Discern: Discourse-Aware Entailment Reasoning Network for Conversational Machine Reading (EMNLP 2020)

This repository is the implementation of our EMNLP 2020 Paper Discern: Discourse-Aware Entailment Reasoning Network for Conversational Machine Reading.

Discern achieves new state-of-the-art results on ShARC conversational machine reading benchmark (May 2020).

If you have any question, please open an issue or contact yifangao95@gmail.com

Reference

If you find our code useful, please cite our papers as follows:

@article{gao-etal-2020-discern,
  title={Discern: Discourse-Aware Entailment Reasoning Network for Conversational Machine Reading},
  author={Yifan Gao and Chien-Sheng Wu and Jingjing Li and Shafiq Joty and Steven C.H. Hoi, Caiming Xiong and Irwin King and Michael R. Lyu},
  journal={EMNLP},
  year={2020},
}

@article{gao-etal-2020-explicit,
  title={Explicit Memory Tracker with Coarse-to-Fine Reasoning for Conversational Machine Reading},
  author={Yifan Gao and Chien-Sheng Wu and Shafiq R. Joty and Caiming Xiong and Richard Socher and Irwin King and Michael R. Lyu and Steven C. H. Hoi},
  journal={ACL},
  year={2020},
}

Requirements

Discourse segmentation environment (PYT_SEGBOT)

conda create -n segbot python=3.6
conda install pytorch==0.4.1 -c pytorch
conda install nltk==3.4.5 numpy==1.18.1 pycparser==2.20 six==1.14.0 tqdm==4.44.1

Main environment (PYT_DISCERN)

conda create -n discern python=3.6
conda install pytorch==1.0.1 cudatoolkit=10.0 -c pytorch
conda install spacy==2.0.16 scikit-learn
python -m spacy download en_core_web_lg && python -m spacy download en_core_web_md
pip install editdistance==0.5.2 transformers==2.8.0

UniLM question generation environment (PYT_QG)

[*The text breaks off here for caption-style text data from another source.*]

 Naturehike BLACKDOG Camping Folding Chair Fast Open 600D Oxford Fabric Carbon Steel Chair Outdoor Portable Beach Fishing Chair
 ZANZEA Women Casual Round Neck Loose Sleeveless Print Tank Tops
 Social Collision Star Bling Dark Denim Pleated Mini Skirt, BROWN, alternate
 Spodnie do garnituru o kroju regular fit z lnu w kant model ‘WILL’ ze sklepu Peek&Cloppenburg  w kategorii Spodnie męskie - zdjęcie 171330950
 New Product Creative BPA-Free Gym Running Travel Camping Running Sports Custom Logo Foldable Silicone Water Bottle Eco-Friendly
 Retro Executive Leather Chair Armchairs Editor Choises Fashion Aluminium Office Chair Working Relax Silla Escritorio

# create conda environment
conda create -n qg python=3.6
conda install pytorch==1.1 cudatoolkit=10.0 -c pytorch
conda install spacy==2.0.16 scikit-learn
python -m spacy download en_core_web_lg && python -m spacy download en_core_web_md
pip install editdistance==0.5.2

# install apex
git clone -q https://github.com/NVIDIA/apex.git
cd apex
git reset --hard 1603407bf49c7fc3da74fceb6a6c7b47fece2ef8
python setup.py install --cuda_ext --cpp_ext
cd ..

# setup unilm
cd qg
pip install --editable .

Download ShARC data

mkdir data
cd data
wget https://sharc-data.github.io/data/sharc1-official.zip -O sharc_raw.zip
unzip sharc_raw.zip
mv sharc1-official/ sharc_raw

Download RoBERTa, UniLM

mkdir pretrained_models
# RoBERTa
mkdir pretrained_models/roberta_base
wget --quiet https://s3.amazonaws.com/models.huggingface.co/bert/roberta-base-config.json -O pretrained_models/roberta_base/config.json
wget --quiet https://cdn.huggingface.co/roberta-base-merges.txt -O pretrained_models/roberta_base/merges.txt
wget --quiet https://cdn.huggingface.co/roberta-base-pytorch_model.bin -O pretrained_models/roberta_base/pytorch_model.bin
wget --quiet https://cdn.huggingface.co/roberta-base-vocab.json -O pretrained_models/roberta_base/vocab.json
# UniLM & BERT
mkdir pretrained_models/unilm
wget --quiet https://unilm.blob.core.windows.net/ckpt/unilm1-large-cased.bin -O pretrained_models/unilm/unilmv1-large-cased.bin
wget --quiet https://s3.amazonaws.com/models.huggingface.co/bert/bert-large-cased-vocab.txt -O pretrained_models/unilm/bert-large-cased-vocab.txt
wget --quiet https://s3.amazonaws.com/models.huggingface.co/bert/bert-large-cased.tar.gz -O pretrained_models/unilm/bert-large-cased.tar.gz
cd pretrained_models/unilm
tar -zxvf bert-large-cased.tar.gz
rm bert-large-cased.tar.gz

You can also download our pretrained models and our dev set predictions:

Decision Making Model: decision.pt
Span Extraction Model: span.pt
Question Generation Model: unilmqg.bin

We would now set up our directories like this:

.
└── model
    └── ...
└── segedu
    └── ...
└── unilmqg
    └── ...
└── README.md
└── data
    └── ...
└── pretrained_models
    └── unilm
        └── ...
        └── unilmqg.bin
    └── roberta_base
        └── ...
    └── decision.pt
    └── span.pt

Discourse Segmentation of Rules (Section 2.1)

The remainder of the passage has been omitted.